Tuesday, March 14, 2017

Gilmore Banks, Butler About To Break For "Greener" Pastures

When former Buffalo Bills' cornerback Stephon Gilmore signed a major free agent contract with the New England Patriots, the deal did more than just break the bank.

Precedence is one other thing that was broken, as the Patriots typically don't offer big money contracts to free agents on the open market - though when they do, it's usually for defensive backs.  Like back in 2014 when general manager and head ball coach Bill Belichick signed cornerback Darrelle Revis for an outragious sum - though it turns out that fellow corners Malcolm Butler and since-released Brandon Browner ultimately had a greater impact.
Heroics aside, Butler appears to be on his way out of New England

The declining Revis and his fat wallet were sent packing for New York after one season with a Super Bowl ring and the tarnished reputation as a hired gun, serving as a reminder that Belichick doesn't pay players for their past accomplishments - rather, he pays for players based on what he perceives their future production will be.

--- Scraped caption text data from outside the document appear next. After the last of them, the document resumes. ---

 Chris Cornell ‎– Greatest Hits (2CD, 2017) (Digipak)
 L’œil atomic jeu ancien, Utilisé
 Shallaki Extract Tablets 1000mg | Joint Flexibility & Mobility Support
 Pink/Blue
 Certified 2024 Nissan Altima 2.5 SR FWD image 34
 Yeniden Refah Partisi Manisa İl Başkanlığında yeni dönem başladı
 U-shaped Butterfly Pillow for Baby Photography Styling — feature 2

The Gilmore deal made the Pro Bowler the eighth-highest paid corner in the league at what is typically one of the most expensive positions in football, and the fourth-highest paid Patriots behind quarterback Tom Brady, left tackle Nate Solder and safety Devin McCourty, with both Brady and Solder the thirteenth-highest paid at their respective positions, and McCourty fifth.

So, Gilmore's numbers certainly aren't out of line, when speaking generally about the Patriots considering that they are paying exactly half of the players on their roster at least seven-digits, 17 of them on offense and 14 of them on defense - but the numbers are skewed towards the offense when considering highest paid at their positions, as right tackle Marcus Cannon (5th overall) and tight ends Rob Gronkowski (5th) and Dwayne Allen (10th) rank towards the top in the league at their positions...

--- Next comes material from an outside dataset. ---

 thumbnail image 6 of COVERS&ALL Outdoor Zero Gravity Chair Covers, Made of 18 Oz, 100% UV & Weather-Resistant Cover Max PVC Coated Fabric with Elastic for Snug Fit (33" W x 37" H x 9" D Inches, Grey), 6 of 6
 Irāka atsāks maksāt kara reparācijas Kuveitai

...while beyond McCourty, only defensive tackle Alan Branch (17th) and defensive end Lawerence Guy (21st) rank in the upper-quarter of the league at their respective positions - so Gilmore's contract brings the disparity closer to center.

Still, there are deserving players that are due for pay increases that may see the Gilmore deal as a sign of disrespect for their own efforts - which is exactly the sort of thing that New England's fiscal philosophy is intended to prevent, and one of them is apparently disgruntled restricted free agent Malcolm Butler, whose agent has opened negotiations with the New Orleans Saints.

The Patriots had set a first-round tender on Butler before the start of the new league year, which meant that Butler was free to negotiate with any other team and collect offer sheets from them - the kicker being that if the Patriots declined to match the offer, the team that signed Butler to an offer sheet would have to relinquish their first-round draft pick to New England.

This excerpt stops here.